Marta supo antes que nadie la
llegada del Salvador, y saliendo a su encuentro, se echó a sus pies llorando y
dijo: «Señor, si hubieses estado aquí, mi hermano
Lázaro no hubiera muerto. Pero sé que Dios te concede cuanto le pides». María, llamada por el Salvador, acudió
al instante, y postrándose también como su hermana, exclamó: «Señor, si hubieses estado aquí, no habría muerto mi hermano».
Y no pudo
proseguir hablando, porque el llanto anudaba su garganta. Se enterneció el
misericordioso Corazón de Jesús al contemplar aquella escena hasta el punto de estremecerse
y gemir. «¿Dónde le habéis puesto? —preguntó. —Ven, Señor —le dijeron—, y lo verás». Y
entonces, también lloró el Hijo de Dios.
Con
aquellas lágrimas nos enseña Jesús a llorar con los que lloran —dice San
Ambrosio—; pero de modo especial significa aquel
llanto la intensa pena que le produce la muerte espiritual de los pecadores, muerte
en cuya comparación la corporal no pasa de mera figura. Algunos judíos,
testigos de aquella escena, decían por lo bajo «¡Cuánto
le amaba!» Otros murmuraban diciendo: «Ese
hombre que ha curado tantos ciegos, ¿no podía haber impedido la muerte de su
amigo?» Llegaron al sepulcro, y en medio de imponente silencio mandó
Jesús retirar la piedra que cubría el cubículo, el cadáver había empezado a
descomponerse. Ante la expectación de los presentes que preveían un grande
acontecimiento, Jesucristo levantó los ojos al cielo y exclamó: «Padre, gracias te doy porque oíste mis ruegos». Mirando luego al difunto gritó «Lázaro, sal afuera». Y Lázaro
se levantó con vida y salió del sepulcro. El
portentoso milagro fue para Marta y María Magdalena recompensa de su fe, y para
Cristo pretexto de su sentencia de muerte.
SEGUNDA UNCIÓN EN BETANIA
El triunfo del
Redentor en Jerusalén el domingo de Ramos, de tal manera exasperó a los
fariseos que los indujo a planear definitivamente la muerte del Hijo de Dios.

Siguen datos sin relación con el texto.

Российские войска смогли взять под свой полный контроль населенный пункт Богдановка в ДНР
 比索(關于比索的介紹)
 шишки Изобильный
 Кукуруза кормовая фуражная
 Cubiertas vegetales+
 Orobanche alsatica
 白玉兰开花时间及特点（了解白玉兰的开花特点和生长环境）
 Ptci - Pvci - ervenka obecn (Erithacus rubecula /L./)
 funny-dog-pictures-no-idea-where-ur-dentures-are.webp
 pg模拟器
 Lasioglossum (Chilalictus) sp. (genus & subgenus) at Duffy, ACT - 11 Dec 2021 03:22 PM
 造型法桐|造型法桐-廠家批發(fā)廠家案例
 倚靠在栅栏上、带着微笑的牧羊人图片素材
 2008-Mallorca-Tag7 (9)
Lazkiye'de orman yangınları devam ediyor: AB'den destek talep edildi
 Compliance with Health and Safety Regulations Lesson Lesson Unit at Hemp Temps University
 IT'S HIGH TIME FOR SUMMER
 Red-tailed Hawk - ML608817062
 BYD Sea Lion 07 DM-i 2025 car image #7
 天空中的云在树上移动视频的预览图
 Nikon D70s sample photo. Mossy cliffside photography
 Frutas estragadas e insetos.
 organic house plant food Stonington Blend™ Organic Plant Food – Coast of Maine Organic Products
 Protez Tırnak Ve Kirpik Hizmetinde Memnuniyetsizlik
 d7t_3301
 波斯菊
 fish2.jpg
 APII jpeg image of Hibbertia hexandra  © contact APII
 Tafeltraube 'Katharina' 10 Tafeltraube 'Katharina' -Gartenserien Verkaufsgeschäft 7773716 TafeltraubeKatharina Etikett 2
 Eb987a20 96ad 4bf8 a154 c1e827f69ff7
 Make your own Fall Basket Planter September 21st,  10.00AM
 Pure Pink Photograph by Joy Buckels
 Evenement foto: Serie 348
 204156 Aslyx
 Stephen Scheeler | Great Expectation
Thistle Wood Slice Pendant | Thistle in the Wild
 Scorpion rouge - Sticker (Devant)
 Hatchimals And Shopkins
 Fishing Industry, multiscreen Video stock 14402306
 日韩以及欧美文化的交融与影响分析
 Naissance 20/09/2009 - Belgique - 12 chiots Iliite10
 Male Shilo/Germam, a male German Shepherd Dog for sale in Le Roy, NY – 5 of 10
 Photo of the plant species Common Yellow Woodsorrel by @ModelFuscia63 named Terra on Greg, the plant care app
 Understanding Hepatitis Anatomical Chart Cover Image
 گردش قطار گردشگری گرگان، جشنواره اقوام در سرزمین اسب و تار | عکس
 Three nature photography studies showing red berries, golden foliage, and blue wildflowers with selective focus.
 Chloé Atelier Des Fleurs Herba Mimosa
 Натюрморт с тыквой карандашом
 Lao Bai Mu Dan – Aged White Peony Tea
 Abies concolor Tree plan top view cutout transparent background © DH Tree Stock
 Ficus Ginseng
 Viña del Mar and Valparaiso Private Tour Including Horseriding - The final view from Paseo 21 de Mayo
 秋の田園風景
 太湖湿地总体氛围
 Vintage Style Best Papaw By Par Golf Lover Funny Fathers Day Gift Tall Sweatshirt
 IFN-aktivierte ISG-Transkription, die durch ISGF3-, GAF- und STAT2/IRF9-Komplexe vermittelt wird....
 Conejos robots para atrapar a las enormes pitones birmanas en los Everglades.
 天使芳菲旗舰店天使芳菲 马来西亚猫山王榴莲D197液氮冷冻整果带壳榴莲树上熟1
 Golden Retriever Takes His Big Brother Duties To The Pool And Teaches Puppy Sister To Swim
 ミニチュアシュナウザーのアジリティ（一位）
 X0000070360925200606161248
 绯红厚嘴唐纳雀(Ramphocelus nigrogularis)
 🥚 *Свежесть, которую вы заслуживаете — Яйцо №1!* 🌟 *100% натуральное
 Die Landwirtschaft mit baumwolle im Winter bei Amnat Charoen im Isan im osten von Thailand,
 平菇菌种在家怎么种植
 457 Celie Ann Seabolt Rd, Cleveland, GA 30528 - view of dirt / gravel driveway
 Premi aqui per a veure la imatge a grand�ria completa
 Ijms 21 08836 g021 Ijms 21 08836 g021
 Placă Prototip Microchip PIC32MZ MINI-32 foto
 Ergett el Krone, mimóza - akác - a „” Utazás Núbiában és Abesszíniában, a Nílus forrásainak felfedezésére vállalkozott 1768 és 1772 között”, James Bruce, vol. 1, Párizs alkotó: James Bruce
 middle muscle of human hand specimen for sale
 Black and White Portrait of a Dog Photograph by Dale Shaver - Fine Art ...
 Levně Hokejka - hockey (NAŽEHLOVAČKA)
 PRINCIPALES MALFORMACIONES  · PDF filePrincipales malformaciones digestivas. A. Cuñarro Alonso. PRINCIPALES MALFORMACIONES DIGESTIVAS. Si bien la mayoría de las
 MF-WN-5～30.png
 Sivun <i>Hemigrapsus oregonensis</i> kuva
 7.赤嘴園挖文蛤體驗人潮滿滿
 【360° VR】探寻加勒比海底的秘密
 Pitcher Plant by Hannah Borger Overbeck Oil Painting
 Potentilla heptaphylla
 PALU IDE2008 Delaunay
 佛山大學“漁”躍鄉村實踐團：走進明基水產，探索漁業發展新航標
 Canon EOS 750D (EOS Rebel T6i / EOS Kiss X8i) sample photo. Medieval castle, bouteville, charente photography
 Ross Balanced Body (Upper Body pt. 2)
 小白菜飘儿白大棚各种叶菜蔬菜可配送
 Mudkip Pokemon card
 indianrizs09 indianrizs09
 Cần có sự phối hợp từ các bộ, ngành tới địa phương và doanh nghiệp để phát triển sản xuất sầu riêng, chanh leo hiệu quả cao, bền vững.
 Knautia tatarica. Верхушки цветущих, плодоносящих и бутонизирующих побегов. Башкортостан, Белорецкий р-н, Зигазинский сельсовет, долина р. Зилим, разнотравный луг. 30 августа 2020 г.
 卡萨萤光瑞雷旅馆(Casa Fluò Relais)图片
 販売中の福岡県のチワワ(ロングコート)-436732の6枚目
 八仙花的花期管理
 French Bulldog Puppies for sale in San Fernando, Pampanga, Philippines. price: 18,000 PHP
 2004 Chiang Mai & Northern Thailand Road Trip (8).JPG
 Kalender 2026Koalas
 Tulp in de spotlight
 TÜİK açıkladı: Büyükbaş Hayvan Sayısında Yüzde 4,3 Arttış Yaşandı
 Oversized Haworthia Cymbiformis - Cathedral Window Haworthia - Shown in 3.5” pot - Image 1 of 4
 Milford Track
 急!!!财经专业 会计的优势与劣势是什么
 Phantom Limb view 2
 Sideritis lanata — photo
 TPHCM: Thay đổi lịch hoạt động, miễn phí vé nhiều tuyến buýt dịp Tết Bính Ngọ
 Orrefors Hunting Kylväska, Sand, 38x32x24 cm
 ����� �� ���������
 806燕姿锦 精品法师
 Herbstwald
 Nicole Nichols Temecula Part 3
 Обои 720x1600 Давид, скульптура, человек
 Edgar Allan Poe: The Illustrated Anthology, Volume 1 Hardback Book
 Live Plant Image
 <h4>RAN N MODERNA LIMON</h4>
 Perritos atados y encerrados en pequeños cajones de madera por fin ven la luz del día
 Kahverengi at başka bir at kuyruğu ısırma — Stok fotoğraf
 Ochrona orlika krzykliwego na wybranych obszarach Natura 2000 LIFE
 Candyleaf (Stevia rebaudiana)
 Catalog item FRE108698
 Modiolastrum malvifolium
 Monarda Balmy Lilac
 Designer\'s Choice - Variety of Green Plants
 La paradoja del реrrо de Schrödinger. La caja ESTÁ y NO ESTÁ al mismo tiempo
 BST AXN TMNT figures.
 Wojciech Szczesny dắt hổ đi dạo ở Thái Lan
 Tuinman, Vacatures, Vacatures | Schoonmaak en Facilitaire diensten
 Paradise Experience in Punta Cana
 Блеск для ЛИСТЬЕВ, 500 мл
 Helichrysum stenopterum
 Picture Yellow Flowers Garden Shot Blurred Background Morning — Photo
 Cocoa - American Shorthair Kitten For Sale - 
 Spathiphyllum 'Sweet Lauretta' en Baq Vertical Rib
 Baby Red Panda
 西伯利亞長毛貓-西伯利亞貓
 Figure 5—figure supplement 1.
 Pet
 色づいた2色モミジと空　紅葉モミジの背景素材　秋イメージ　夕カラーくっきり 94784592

Jesús se hospedaba en casa de sus amigos predilectos. Estaban reunidos a la
mesa con Él, Lázaro, Marta y María Magdalena, la Madre del Salvador, los
Apóstoles y algunos de los discípulos más adictos. Lázaro estaba sentado frente
al Señor, Marta servía como de costumbre, y María Magdalena otra vez había
escogido la mejor suerte; porque habiendo abandonado momentáneamente la sala
del festín, volvió luego con un vaso de alabastro que contenía delicado perfume
y lo derramó sobre los benditos pies y sobre la sagrada cabeza del Maestro.
También esta vez fue mal
interpretada aquella acción; Judas, inspirado por su avaricia, murmuró
indignado: «¿A qué esta excesiva prodigalidad?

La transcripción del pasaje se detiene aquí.